▶ **TASK DIRECTIONS**: Below are the entries. Print only the lines starting at the one with "London Hills Women’s" and ending at the one with "纯白和弦祈愿商店深度玩法解析，心得分享与高效资源管理艺术", exactly, with no pictures.

▶ **RECORDS PROVIDED**:
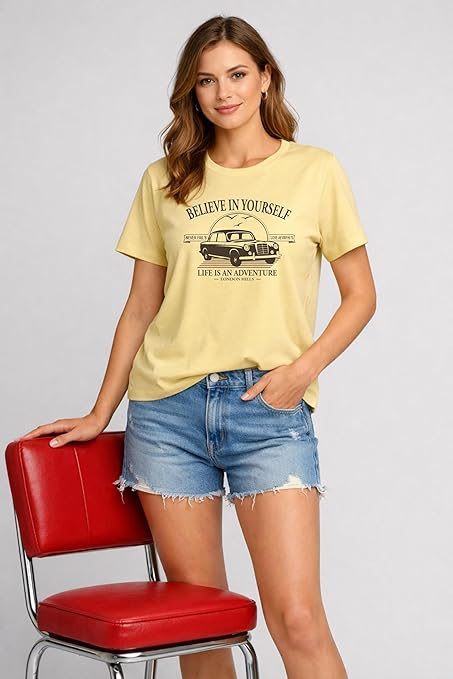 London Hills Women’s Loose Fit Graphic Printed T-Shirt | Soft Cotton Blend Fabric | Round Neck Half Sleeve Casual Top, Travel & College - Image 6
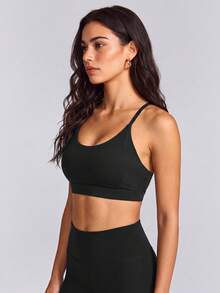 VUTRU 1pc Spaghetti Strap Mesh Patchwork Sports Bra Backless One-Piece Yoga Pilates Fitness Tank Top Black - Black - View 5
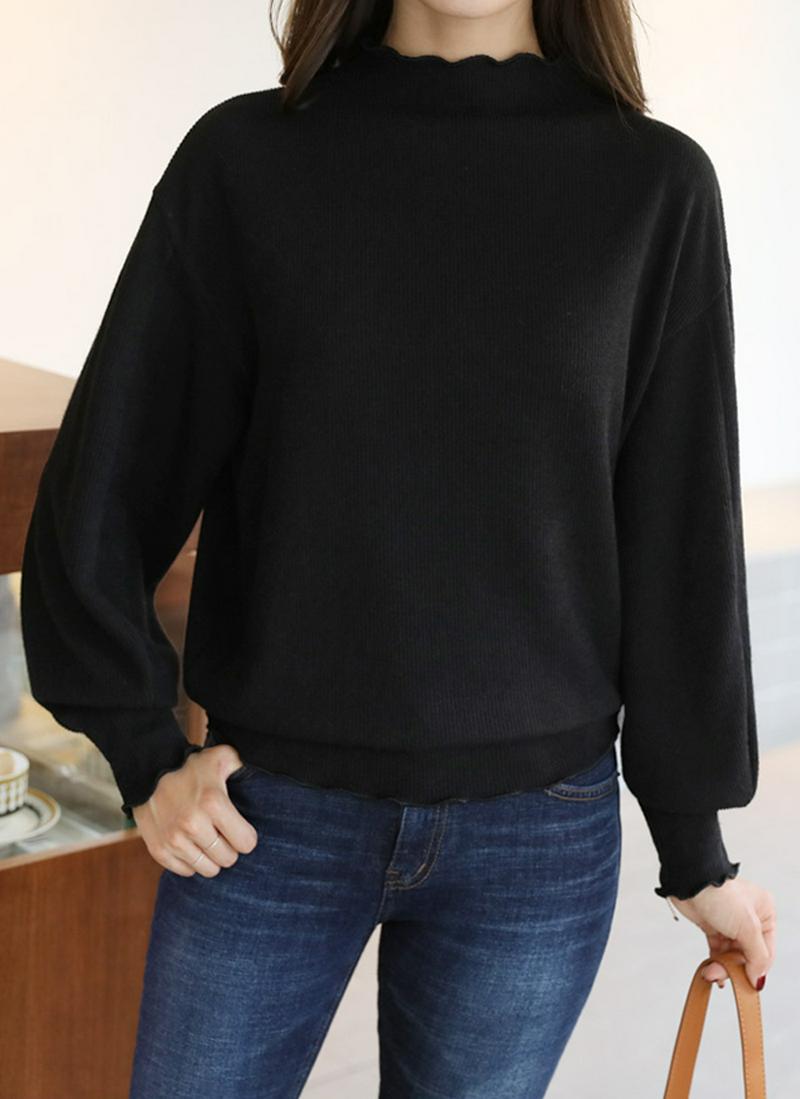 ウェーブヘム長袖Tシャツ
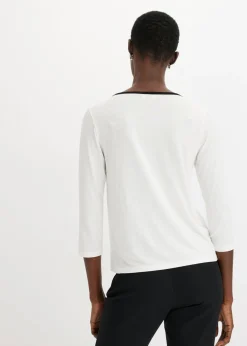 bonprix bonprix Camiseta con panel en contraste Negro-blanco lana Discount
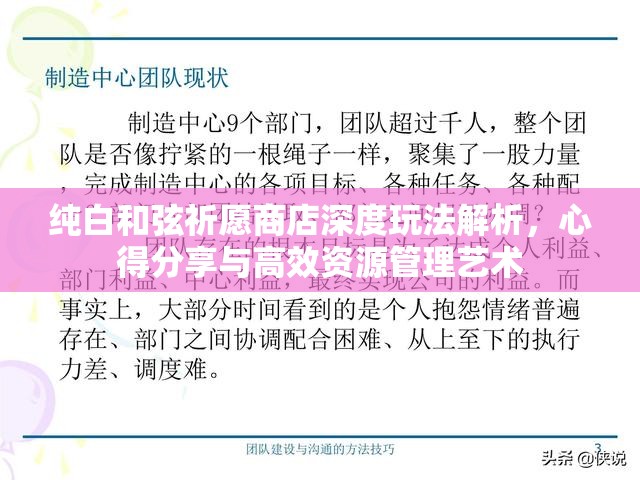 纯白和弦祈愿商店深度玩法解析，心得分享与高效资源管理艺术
==
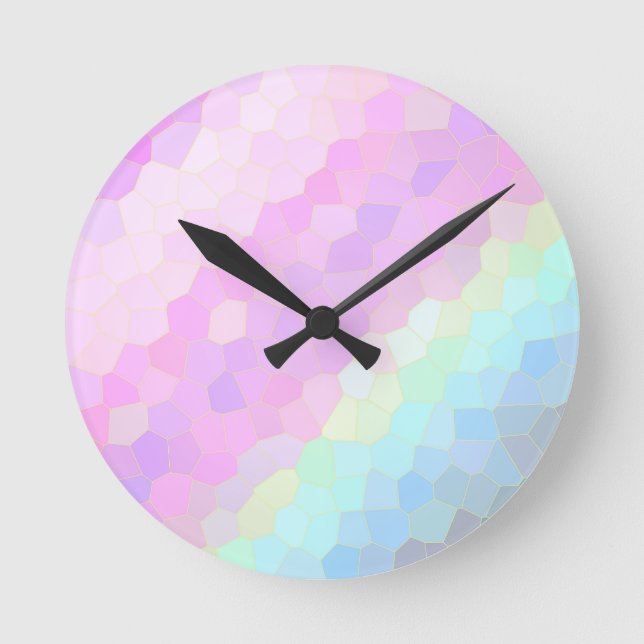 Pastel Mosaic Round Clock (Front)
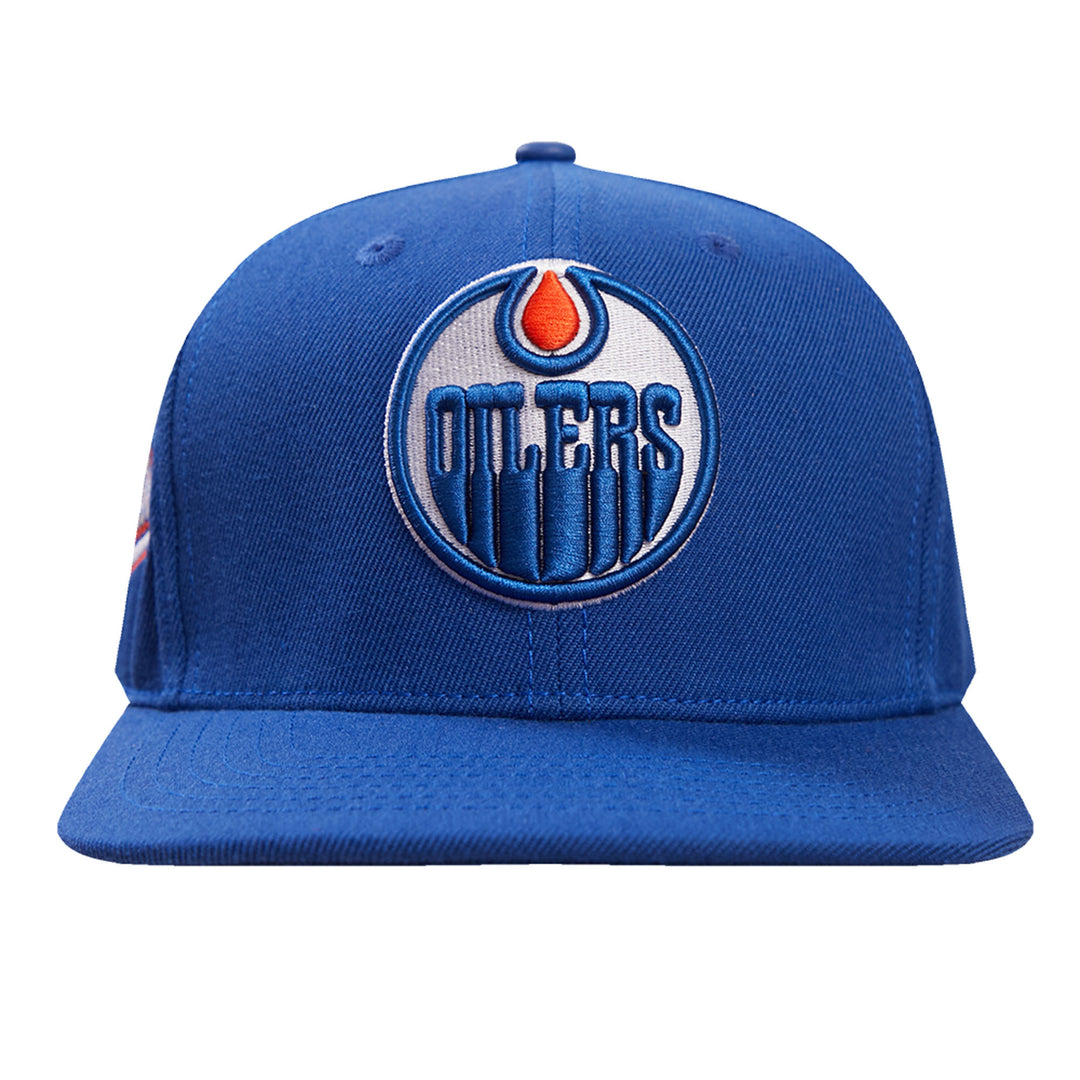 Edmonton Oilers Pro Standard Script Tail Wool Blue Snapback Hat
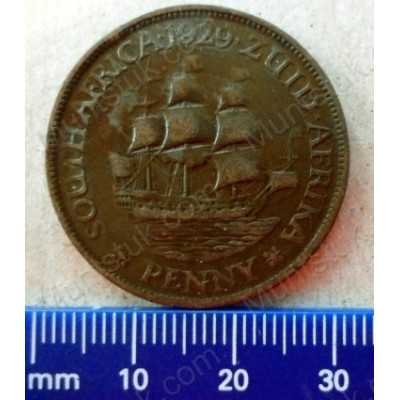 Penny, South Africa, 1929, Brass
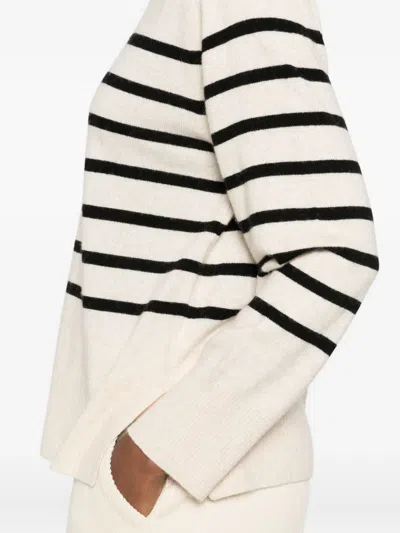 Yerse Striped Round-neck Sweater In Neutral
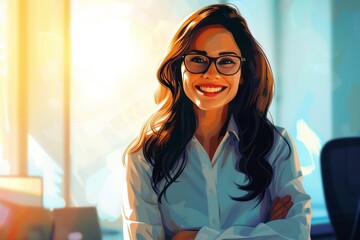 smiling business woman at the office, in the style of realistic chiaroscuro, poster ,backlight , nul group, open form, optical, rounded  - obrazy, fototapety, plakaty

▶ **RESPONSE TO THE TASK**:
 London Hills Women’s Loose Fit Graphic Printed T-Shirt | Soft Cotton Blend Fabric | Round Neck Half Sleeve Casual Top, Travel & College - Image 6
 VUTRU 1pc Spaghetti Strap Mesh Patchwork Sports Bra Backless One-Piece Yoga Pilates Fitness Tank Top Black - Black - View 5
 ウェーブヘム長袖Tシャツ
 bonprix bonprix Camiseta con panel en contraste Negro-blanco lana Discount
 纯白和弦祈愿商店深度玩法解析，心得分享与高效资源管理艺术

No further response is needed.